TOKYO Tokyo Electric Power Co must adopt measures used in other Japanese industries to reform after acknowledging that it failed to anticipate and tackle the Fukushima disaster, the utility's newly installed outside adviser said on Saturday.
Tokyo Electric, also known as Tepco, acknowledged for the first time on Friday that it failed in its response to the radiation crisis in March 2011 when three reactors melted down at its Fukushima Daiichi plant after it was hit by an earthquake and tsunami.
Dale Klein, appointed last week to head a panel of outside specialists overseeing the company's reforms, said in an interview that Tepco could look to other Japanese companies.
"We had some open and frank discussions with our committee and with the Tepco management," Klein, a former chairman of the U.S. Nuclear Regulatory Commission, told Reuters.
Klein said Japan "has demonstrated excellence in manufacturing. In that process any worker can stop the process, if he believes there is a defect. Tepco needs to do the same thing with their nuclear safety culture".
Klein, associate vice chancellor for research at the University of Texas, said the latest findings "will be a strong wake-up call for Tepco.
"There is a tendency among companies and individuals when there first is a problem of denial. So you try to justify your actions to either cover up, save face, whatever you want to call it," he said. "Fukushima Daiichi cannot be covered up."
An inquiry ordered by Japan's parliament concluded in July that the disaster was the result of "collusion" between Tepco, the government and regulators.
COMPANY REVERSES STAND
In Tepco's draft plan for reform issued on Friday, the company said it could have undertaken better preparations, reversing its previous stand that the disaster was unavoidable because of the unexpected force of the tsunami.
The draft also said the company had feared that implementing accident measures "would exacerbate ... public anxiety and add momentum to anti-nuclear movements".
In future, the company said, Tepco had to "have the courage and capability to share problems with the siting community and the public".
All 50 working nuclear reactors in Japan were shut down for safety checks after the disaster.
The government's decision this year to restart two units to preclude possible summer power cuts galvanized the country's anti-nuclear movement, prompting mass demonstrations.
A new government energy policy, taking account of that sentiment, seeks to end reliance on nuclear power, though ministers are vague on setting any deadlines.
Klein said the sight of Fukushima, where three reactor buildings were badly damaged in the worst civil nuclear accident since Chernobyl in 1986, was "devastating".
"When you look at the site, it is very depressing. The damage is stunning. The amount of forces that were released."

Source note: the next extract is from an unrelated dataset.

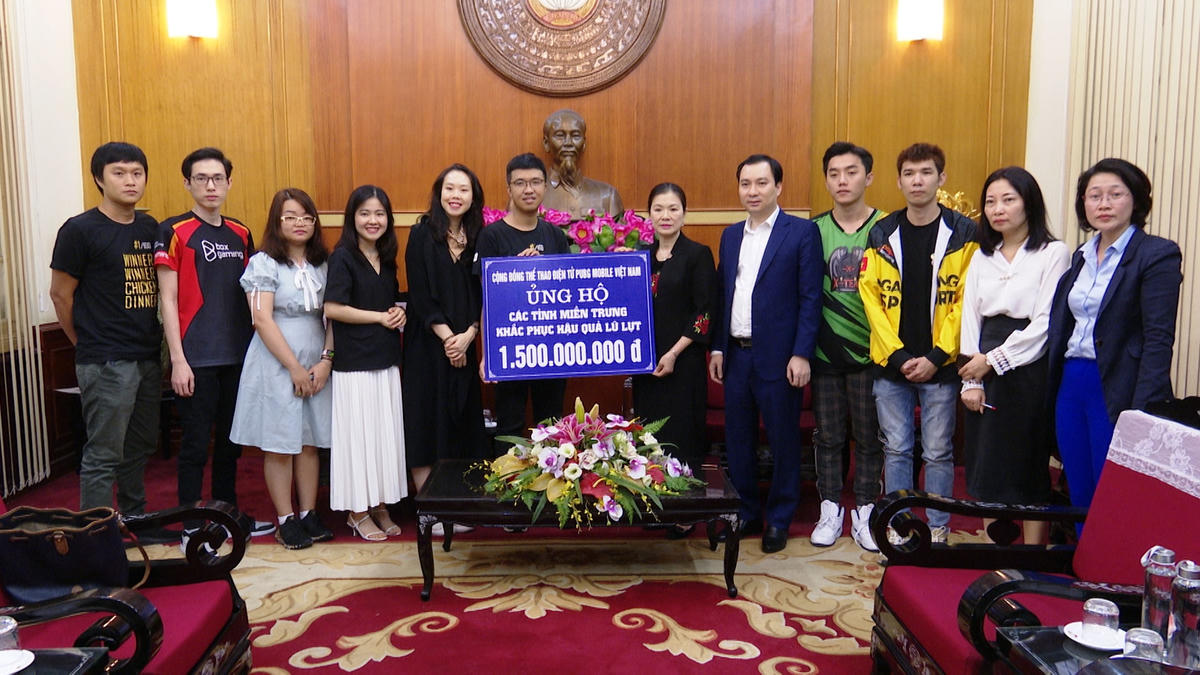 Phó Chủ tịch Trương Thị Ngọc Ánh tiếp nhận ủng hộ đồng bào miền Trung.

Recorded radiation levels were as high as 1,000 microsieverts an hour on Friday when a Reuters journalist visited the site as part of a media tour. Typical background radiation levels are usually 2.4 microsieverts per year, according to the World Nuclear Association.
Workers were seen putting together water filtration systems and shifting equipment near the damaged reactors, two of which remain capped by twisted steel and damaged concrete. A third damaged reactor building is covered up by a giant tarpaulin.